In a wide-ranging interview with The Journal of Commerce, Newsome called for a new way of funding the deepening of the nation’s strategic ports as the influx of mega-ships into global ocean trades requires a rapid upgrade of U.S. infrastructure. “This is separate from harbor maintenance, which already has its own funding mechanism,” he said.
Only two East Coast ports — Norfolk and Baltimore — have existing harbor depths of 50 feet necessary to handle the 13,000-TEU vessels that increasingly are entering service. All the major ports in the Southeast, however, have harbor deepening plans. Miami’s 50-foot deepening project should be complete late next year.
Newsome said the SCPA is expediting the permitting process to deepen its harbor to 50 feet and expects to complete the feasibility study by 2015. “We hope to have our harbor deepened by the time our new Navy base terminal is completed at the end of 2018.” He said the deepening project would enable the port to handle big new post-Panamax ships with 48 feet of draft “24 hours a day.”
Savannah will complete its deepening project to 47 feet because it has already received the go-ahead from the Army Corps of Engineers, which expects to complete the project by 2015, when the Panama Canal lock expansion project is complete.

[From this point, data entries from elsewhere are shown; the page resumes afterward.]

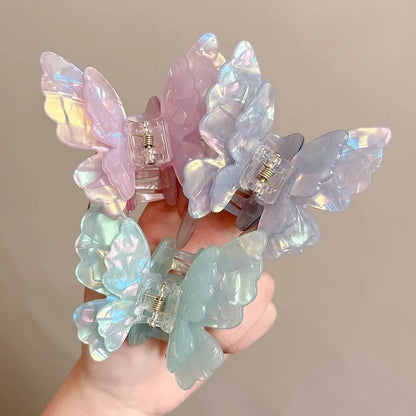 Small Butterfly Clip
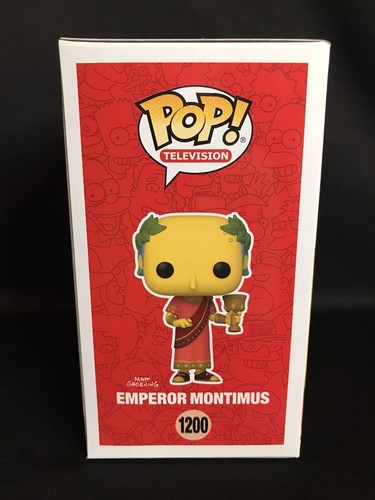 Funko Pop! The Simpsons Emperor Montimus Vinyl Figure #1200 Mr. Montgomery Burns - Picture 3 of 4
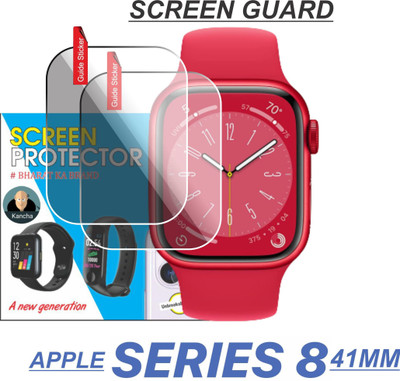 FINCH Impossible Screen Guard for APPLE WATCH SERIES 8 41MM(Pack of 2)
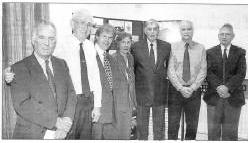 At the meeting in Moira were David Twigg, Ernie Cromie, Ramond McMullan, Ann Stevenson, Peter Lock, Raymond Burroughs and Finny O'Sullivan. US38-4551T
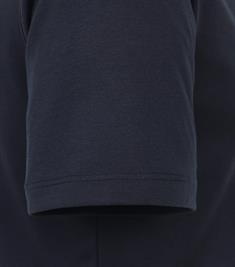 Polo-Shirt blau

Newsome has engineered a turnaround in the fortunes of the Port of Charleston since he took over the SCPA in 2009, enabling it to gain strong volume growth year-over-year, and turning it into the fastest-growing port in the U.S. last year.

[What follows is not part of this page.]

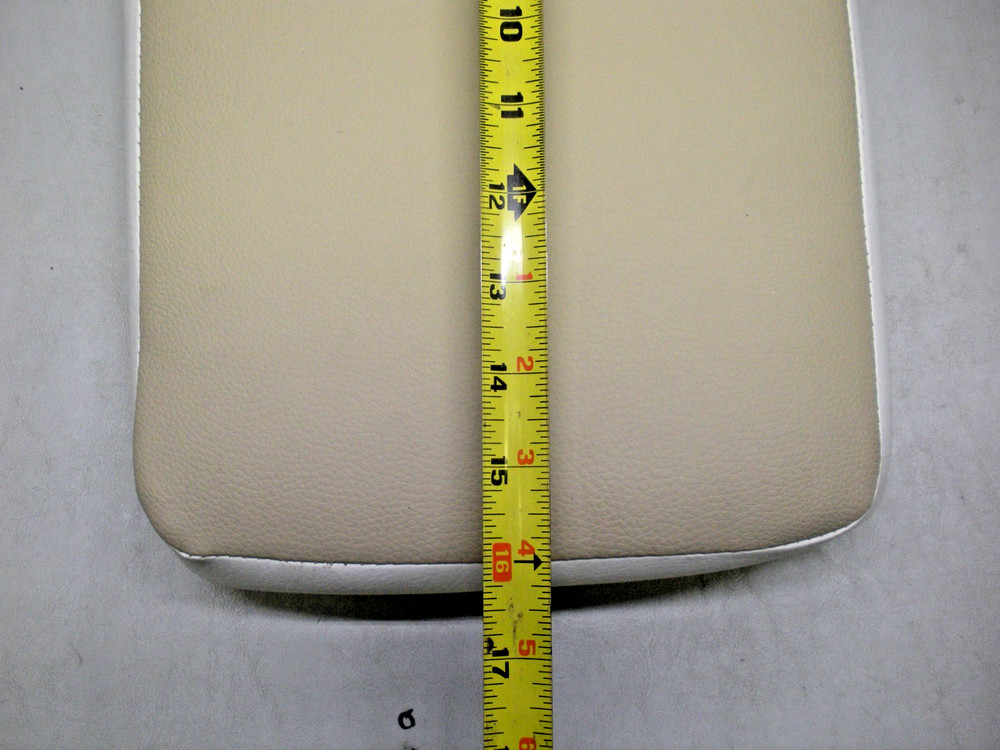 Bulls Bay Forward Facing Bow Seat Back Rest Replacement Cushions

“We have to grow above the market, so if the economy is ebbing, we still need to push the growth curve above the market.”

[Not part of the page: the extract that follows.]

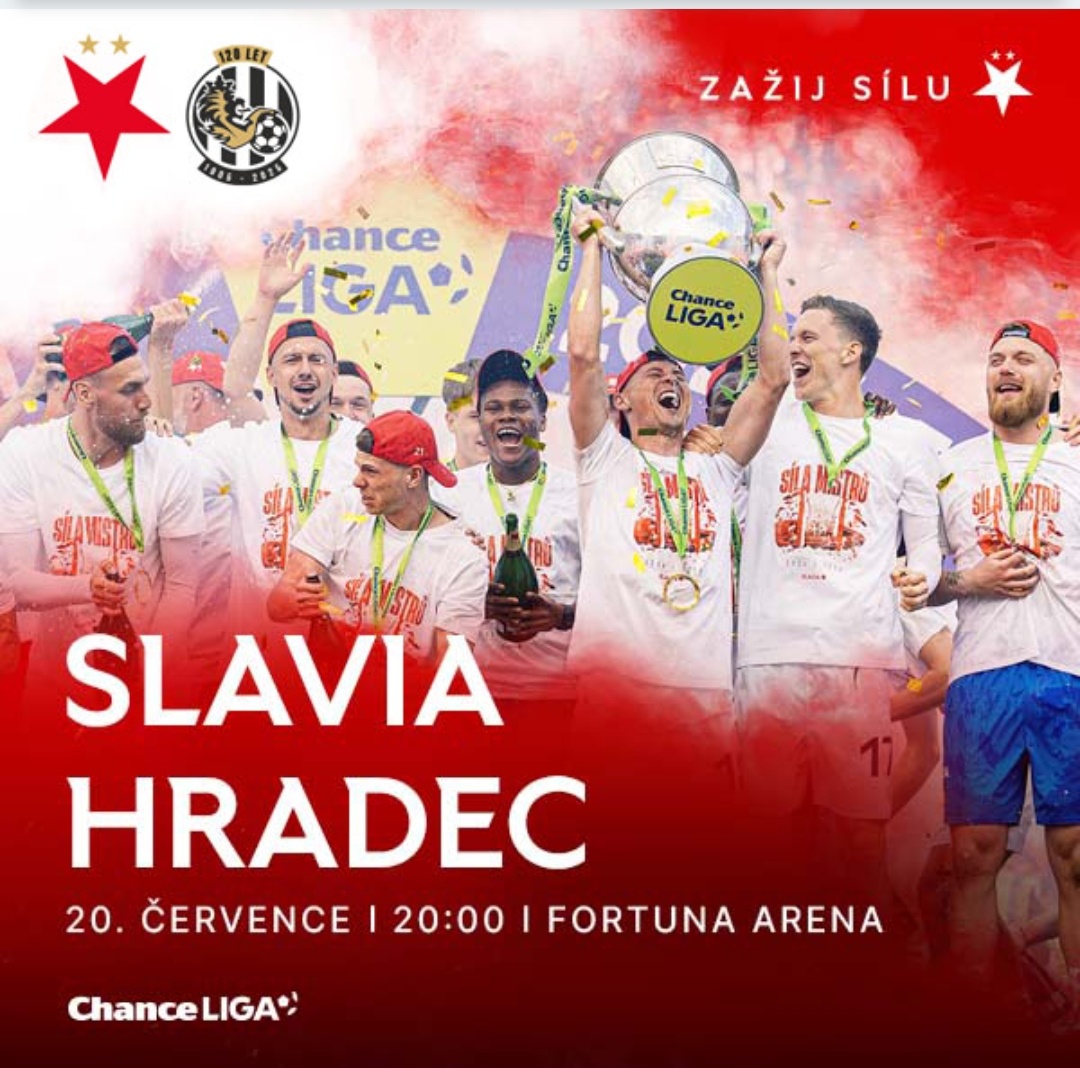 SK Slavia Praha - FC Hradec Králové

Charleston’s container throughput increased 9.6 percent year-over-year in 2012 to 1.5 million 20-foot-equivalent units.
Newsome is pushing hard for deepening his port’s harbor to 50 feet from 45 feet now. The South Carolina Legislature already has has committed $300 million to fund the project once it receives authorization from Congress.
The cost-sharing structure for the project is 60 percent funded by the state, or $180 million. The additional $120 million in the fund would cover the federal share of the project's construction if federal funding isn’t available. The funds also could be used to keep the project moving forward without having to wait for the federal share in a time of budget constraints, Newsome said.